There are many studies showing that Tai Chi Chuan is an effective aerobic exercise, but there is also research suggesting that evidence is inconclusive. Examples of two such studies are listed in the "References" area below. The problem with much of the research is the fact that the type or intensity of Tai Chi is often not clearly defined. Tai Chi Chuan may be done slowly, to the extent that the practitioner works no harder than a slow walk. However, the same exercises can be done with lower, wider stances and greater stretching, or a longer more challenging form could be used, thus elevating heart rate to the aerobic range.
What is considered Aerobic?
Aerobic exercise is defined as physical activity in which the major muscle groups are engaged and where respiration increases and heart rate rises to a level between 50 and 80 percent of the age related maximum heart rate (MHR). The duration of exercise at this level should be a minimum of 20 minutes and up to 60, in order to achieve cardio vascular benefit.

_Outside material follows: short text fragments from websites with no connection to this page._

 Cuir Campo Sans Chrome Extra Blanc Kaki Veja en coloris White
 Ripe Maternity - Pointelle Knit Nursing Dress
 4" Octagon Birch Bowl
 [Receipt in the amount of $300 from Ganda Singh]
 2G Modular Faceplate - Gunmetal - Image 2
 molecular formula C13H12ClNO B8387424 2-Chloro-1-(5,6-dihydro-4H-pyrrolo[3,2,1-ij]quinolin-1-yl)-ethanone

How to determine Cardiovascular Heart Rate Range
There is a formula used by fitness professionals to determine MHR. Simply subtract years of age from 220. Next determine a target heart rate (THR). Generally an aerobic level will begin at a minimum 50 percent up to a maximum of 85 of MHR. For example, given a 45 year old Tai Chi player — 220 - 45 = 175 MHR. The aerobic zone or Target Heart Rate (THR) would be between 88 (50% MHR) to 149 (85% MHR) beats per minute, depending upon the fitness level of the individual. A very unfit individual may begin as low as 40% MHR. Being unable to talk without gasping for breath is an indication that the THR is too high. It is essential, though, for anyone in poor health to consult a physician prior to beginning any sort of exercise program. Also, refer to the American Heart Association website for a Target Heart Rate chart.
Measuring Heart Rate
Heart rate (HR) or pulse may be measured at the carotid artery in the neck, brachial artery in the crook of the elbow or at the radial artery on the inside of the wrist. Carotid pulse is hazardous if done incorrectly because too much pressure can cause unconsciousness. The brachial is difficult to find, so that leaves the radial. Simply place your index and middle fingers over the inside of your wrist on the thumb side. Don't use your thumb to detect heart rate because it also has a pulse of its own, which might cause confusion. Count the number of beats in 10 seconds, then multiply by 6 — 20 beats in 10 seconds equals a HR of 120. It is advisable to keep moving while measuring pulse because HR begins to slow as soon as exercise ends; also, in an intense workout a fast stop could result in dizziness.
How to make Tai Chi Chuan Aerobic
Tai Chi Chuan can be an effective aerobic exercise if done with vigor, but there is no single correct speed or intensity to practice Tai Chi and that is one of its most appealing features. If done slowly and in relaxed fashion, it may still provide benefits related to balance, flexibility, pain management, muscle tone and stress relief. If Cardio Vascular training is the goal, switching to a longer more complex form will increase the intensity of the workout. Also, and almost counterintuitively, increasing speed of performance will not necessarily be as useful as slowing it down. By slowing a Tai Chi form and lengthening duration to at least 30 minutes, deepening stances and stretching muscles at the end of movements the physical difficulty of the workout increases considerably leading to a higher rate of breathing and accelerated heart beat, which is by definition aerobic exercise
References:
Taylor-Piliae, Ruth E., Froelicher, Erika S., The Effectiveness of Tai Chi Exercise in Improving Aerobic Capacity—A Meta-Analysis, Journal of Cardiovascular Nursing Vol. 19, No.1, pp 48–57, Lippincott Williams & Wilkins, Inc., 2004.
Yeh, Gloria Y., Wang, Chenchen, Wayne, Peter M., Phillips, Russell, Tai Chi Exercise for Patients With Cardiovascular Conditions and Risk Factors: A SYSTEMATIC REVIEW, Journal of Cardiopulmonary Rehabilitation & Prevention, Volume 29, Issue 3, p 152-160, May/June 2009.
Isachen, Silva and Luke, Dr. Bill, Fitness Theory Manual, Hemlock Printers Ltd., 2009.